- Directed by: Griff Furst
- Written by: Alex Yves
- Produced by: Alex Yves
- Starring: Christy Carlson Romano Estelle Harris Yangzom Brauen Marco Schwab Michael Lawson Walter Andreas Mueller Birgit Steinegger Sven Epiney Dean Kreyling Samantha Cope Dan Ponsky Griff Furst Alex Yves
- Music by: Nathan Furst
- Distributed by: YvesCreations
- Release date: August 18, 2010 (New York City Film Festival);
- Running time: 95 minutes
- Countries: United States, Switzerland
- Language: English

= Movin' In =

Movin' In is a 2010 comedy film.

==Plot==
Movin' In is a comedy about a young man from Switzerland who travels to Los Angeles to escape his dead-end life and to reconnect with a female pen pal with whom he has lost touch.

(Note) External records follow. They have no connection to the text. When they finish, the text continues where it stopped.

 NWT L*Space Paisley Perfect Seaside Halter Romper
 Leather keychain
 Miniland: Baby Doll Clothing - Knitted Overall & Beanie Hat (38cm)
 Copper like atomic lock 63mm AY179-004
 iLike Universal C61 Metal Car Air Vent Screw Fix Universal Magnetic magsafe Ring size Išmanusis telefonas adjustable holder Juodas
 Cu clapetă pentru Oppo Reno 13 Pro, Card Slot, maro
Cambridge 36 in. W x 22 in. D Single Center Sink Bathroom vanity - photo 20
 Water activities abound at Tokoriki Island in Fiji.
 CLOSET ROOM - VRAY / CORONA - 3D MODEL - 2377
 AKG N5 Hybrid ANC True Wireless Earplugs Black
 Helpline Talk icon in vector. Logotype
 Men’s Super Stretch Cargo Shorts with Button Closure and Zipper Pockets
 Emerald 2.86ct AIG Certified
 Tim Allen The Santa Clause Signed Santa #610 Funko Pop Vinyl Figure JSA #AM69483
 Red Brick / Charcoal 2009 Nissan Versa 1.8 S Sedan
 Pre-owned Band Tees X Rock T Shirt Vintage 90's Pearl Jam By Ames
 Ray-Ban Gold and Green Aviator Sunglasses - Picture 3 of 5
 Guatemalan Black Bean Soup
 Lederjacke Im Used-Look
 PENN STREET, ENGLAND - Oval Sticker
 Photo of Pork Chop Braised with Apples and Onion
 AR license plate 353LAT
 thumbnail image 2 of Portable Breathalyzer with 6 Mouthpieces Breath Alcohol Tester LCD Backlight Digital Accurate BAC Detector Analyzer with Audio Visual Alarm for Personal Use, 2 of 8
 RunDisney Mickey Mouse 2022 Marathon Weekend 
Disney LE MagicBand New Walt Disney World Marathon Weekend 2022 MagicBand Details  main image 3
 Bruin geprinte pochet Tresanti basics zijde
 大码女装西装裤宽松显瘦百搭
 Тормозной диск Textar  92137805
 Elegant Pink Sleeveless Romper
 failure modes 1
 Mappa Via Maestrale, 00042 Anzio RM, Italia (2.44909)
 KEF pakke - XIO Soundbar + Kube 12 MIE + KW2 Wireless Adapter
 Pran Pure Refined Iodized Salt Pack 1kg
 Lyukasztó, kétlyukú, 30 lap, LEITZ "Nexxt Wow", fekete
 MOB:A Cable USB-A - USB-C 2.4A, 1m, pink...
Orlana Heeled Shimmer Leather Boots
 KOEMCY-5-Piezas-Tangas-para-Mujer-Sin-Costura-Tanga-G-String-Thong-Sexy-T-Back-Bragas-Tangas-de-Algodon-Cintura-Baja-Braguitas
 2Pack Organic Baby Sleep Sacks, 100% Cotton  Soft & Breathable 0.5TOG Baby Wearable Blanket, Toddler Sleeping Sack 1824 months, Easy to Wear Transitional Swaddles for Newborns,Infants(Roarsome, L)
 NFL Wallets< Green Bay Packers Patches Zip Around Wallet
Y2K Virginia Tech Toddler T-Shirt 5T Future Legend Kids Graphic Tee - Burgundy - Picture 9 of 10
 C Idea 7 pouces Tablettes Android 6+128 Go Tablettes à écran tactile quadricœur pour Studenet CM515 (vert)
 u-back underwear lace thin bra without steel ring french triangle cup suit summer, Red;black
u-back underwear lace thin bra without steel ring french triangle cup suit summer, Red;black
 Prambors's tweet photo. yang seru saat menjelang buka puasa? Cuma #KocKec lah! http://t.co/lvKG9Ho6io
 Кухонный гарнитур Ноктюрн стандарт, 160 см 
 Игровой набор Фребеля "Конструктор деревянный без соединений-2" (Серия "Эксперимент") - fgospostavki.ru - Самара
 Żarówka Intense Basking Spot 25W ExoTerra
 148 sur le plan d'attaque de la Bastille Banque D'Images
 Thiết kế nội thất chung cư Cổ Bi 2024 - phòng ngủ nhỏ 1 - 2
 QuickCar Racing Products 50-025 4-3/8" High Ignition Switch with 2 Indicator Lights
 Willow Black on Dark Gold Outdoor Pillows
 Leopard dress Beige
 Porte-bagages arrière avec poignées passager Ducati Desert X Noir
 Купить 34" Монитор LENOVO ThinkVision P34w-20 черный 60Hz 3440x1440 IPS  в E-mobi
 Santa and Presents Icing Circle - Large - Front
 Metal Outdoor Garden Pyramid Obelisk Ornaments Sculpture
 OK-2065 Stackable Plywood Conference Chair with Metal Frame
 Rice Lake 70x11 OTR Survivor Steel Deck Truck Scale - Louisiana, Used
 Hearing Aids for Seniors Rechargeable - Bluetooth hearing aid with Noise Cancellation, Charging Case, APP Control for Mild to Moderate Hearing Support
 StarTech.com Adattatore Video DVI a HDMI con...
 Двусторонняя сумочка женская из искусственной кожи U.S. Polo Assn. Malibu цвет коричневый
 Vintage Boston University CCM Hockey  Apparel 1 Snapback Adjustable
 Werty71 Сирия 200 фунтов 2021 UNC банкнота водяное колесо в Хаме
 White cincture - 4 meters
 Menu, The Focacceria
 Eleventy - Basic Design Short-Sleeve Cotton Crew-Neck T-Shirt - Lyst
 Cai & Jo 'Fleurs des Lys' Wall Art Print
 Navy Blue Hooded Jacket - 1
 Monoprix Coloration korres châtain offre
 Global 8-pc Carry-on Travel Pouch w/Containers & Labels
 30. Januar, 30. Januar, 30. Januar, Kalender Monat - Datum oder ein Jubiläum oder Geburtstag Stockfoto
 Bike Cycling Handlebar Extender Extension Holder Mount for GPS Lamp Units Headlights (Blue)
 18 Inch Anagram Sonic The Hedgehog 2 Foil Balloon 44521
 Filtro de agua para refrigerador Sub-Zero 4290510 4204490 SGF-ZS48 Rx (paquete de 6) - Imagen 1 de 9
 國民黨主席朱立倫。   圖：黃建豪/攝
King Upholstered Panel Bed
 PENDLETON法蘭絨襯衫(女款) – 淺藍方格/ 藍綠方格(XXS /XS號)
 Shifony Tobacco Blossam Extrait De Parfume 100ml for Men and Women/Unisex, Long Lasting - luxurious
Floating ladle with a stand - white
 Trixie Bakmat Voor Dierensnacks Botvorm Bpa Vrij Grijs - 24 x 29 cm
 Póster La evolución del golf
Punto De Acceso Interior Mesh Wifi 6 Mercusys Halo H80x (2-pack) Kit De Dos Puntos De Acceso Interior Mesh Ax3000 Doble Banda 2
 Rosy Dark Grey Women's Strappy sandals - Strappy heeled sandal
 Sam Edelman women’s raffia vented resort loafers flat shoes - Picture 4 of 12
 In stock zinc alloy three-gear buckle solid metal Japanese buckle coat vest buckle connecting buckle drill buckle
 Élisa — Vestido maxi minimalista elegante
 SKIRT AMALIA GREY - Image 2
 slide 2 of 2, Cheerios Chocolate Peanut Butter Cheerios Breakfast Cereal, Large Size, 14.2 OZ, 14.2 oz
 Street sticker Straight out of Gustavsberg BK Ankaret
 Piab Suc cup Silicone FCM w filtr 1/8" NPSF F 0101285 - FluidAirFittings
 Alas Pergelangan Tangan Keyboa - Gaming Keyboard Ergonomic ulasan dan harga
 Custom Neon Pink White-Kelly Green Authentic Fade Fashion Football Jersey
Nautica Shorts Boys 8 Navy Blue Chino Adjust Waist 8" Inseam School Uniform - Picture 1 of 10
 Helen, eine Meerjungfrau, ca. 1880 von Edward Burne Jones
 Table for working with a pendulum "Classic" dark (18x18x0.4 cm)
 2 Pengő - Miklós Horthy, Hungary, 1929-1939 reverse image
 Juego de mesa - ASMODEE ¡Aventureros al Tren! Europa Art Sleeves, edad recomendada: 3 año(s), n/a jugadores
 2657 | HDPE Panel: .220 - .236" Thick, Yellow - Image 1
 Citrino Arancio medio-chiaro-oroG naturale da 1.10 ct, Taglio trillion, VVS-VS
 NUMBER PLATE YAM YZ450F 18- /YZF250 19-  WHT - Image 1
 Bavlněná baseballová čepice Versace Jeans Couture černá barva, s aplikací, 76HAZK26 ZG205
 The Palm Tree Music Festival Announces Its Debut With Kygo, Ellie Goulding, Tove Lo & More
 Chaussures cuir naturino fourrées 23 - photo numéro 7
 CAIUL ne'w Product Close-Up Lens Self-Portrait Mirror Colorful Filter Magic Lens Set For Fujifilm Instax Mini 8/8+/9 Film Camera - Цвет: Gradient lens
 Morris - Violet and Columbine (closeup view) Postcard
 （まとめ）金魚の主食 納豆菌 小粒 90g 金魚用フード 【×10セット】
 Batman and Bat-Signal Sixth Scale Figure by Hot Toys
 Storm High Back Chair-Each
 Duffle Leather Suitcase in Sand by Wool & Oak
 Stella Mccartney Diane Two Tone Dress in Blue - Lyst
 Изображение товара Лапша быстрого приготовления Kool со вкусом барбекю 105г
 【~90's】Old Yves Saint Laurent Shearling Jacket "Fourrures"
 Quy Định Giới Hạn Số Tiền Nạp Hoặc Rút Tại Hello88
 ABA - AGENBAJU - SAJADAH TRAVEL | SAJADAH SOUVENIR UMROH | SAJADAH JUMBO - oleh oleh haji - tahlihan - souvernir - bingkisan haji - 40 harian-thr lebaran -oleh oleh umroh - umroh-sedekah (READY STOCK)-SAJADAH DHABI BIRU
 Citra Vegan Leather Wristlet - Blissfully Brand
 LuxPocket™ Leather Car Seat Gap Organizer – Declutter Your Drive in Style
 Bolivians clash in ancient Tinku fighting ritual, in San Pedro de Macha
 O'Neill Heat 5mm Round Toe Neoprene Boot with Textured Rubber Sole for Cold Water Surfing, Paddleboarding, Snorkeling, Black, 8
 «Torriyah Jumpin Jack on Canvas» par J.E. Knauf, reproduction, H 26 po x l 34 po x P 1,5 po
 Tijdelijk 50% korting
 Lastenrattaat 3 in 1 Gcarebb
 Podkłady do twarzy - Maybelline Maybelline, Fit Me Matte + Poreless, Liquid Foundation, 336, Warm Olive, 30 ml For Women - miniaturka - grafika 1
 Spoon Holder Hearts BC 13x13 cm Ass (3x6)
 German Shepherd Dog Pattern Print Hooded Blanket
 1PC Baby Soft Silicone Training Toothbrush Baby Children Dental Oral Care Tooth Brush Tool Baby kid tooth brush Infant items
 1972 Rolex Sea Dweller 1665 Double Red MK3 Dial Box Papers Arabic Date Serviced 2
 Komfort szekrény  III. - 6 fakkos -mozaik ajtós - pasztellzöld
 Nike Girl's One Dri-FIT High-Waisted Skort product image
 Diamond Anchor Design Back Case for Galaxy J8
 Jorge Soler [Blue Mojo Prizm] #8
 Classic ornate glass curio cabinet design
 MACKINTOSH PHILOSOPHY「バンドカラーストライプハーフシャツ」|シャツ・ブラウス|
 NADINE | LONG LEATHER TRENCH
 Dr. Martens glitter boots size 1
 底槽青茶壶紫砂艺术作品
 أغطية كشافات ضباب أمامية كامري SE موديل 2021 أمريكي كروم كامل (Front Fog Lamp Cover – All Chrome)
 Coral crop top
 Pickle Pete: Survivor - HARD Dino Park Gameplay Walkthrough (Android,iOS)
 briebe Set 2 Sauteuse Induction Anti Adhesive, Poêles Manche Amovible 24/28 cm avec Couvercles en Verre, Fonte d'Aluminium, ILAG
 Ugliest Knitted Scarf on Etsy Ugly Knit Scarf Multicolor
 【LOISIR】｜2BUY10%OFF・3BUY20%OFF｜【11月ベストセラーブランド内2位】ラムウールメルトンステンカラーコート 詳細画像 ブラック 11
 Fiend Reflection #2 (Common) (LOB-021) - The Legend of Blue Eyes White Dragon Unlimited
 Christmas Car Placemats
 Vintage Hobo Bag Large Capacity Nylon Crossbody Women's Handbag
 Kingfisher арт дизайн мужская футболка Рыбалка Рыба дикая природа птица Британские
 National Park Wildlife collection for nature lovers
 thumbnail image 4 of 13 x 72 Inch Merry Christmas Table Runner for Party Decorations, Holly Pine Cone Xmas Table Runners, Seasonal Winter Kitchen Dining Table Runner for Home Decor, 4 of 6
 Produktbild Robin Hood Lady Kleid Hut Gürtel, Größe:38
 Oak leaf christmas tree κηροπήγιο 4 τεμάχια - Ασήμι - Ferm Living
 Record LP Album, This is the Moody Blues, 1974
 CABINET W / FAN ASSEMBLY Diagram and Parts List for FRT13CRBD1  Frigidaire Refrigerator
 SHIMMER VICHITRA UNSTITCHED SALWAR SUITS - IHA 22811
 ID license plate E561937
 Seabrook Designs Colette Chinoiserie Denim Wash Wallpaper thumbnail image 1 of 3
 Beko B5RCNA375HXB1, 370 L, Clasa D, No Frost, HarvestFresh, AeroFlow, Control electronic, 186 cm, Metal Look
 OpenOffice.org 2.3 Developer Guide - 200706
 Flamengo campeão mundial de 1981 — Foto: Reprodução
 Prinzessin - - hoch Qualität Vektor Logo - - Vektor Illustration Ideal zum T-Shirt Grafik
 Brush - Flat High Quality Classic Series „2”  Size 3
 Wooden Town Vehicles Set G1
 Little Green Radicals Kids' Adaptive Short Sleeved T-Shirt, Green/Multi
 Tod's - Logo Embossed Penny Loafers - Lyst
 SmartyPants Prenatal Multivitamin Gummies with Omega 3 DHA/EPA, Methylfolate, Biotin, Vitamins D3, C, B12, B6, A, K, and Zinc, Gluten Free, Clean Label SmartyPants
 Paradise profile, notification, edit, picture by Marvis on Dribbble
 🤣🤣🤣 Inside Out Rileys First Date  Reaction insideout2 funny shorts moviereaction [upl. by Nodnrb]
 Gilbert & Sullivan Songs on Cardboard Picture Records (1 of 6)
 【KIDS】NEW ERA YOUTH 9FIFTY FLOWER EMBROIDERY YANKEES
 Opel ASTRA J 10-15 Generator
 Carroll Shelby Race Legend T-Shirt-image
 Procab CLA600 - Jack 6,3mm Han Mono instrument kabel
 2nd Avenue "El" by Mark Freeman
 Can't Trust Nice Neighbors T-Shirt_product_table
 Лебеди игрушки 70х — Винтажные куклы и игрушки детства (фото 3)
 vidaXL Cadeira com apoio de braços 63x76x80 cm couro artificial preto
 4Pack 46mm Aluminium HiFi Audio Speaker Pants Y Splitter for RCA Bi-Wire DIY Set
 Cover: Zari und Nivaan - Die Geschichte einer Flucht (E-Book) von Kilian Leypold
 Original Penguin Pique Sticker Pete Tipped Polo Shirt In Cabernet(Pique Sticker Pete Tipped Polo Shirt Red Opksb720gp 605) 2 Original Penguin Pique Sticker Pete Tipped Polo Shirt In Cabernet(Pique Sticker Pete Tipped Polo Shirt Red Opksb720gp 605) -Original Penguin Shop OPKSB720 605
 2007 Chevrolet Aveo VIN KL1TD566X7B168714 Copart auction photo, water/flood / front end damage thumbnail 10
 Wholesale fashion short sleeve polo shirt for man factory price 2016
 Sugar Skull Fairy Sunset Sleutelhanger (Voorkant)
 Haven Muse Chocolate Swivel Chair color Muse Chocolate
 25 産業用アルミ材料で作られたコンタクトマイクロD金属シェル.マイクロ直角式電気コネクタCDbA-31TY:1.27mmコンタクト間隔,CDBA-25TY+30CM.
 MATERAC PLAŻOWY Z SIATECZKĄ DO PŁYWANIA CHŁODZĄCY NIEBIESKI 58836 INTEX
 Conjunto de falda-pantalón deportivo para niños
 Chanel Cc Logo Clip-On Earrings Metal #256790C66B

Everything falls apart when the pen pal turns out to be a complete fraud and he is reunited with an old friend (a real trouble magnet) who keeps pulling him into the most awkward situations.

The story takes unexpected turns when the two - somewhere between moving into an old folks home, going to auditions, and dealing with a phony agent and a group of gangsters - fall for the same girl.

==Release==
A pre-final cut was featured in the 2009 Denver Festivus film festival. After an extensive post-production period the film then was completed just in time for the 2010 New York City International Film Festival (August 18, 2010).

Movin' In is currently distributed by Amazon (available for download or purchase of the DVD).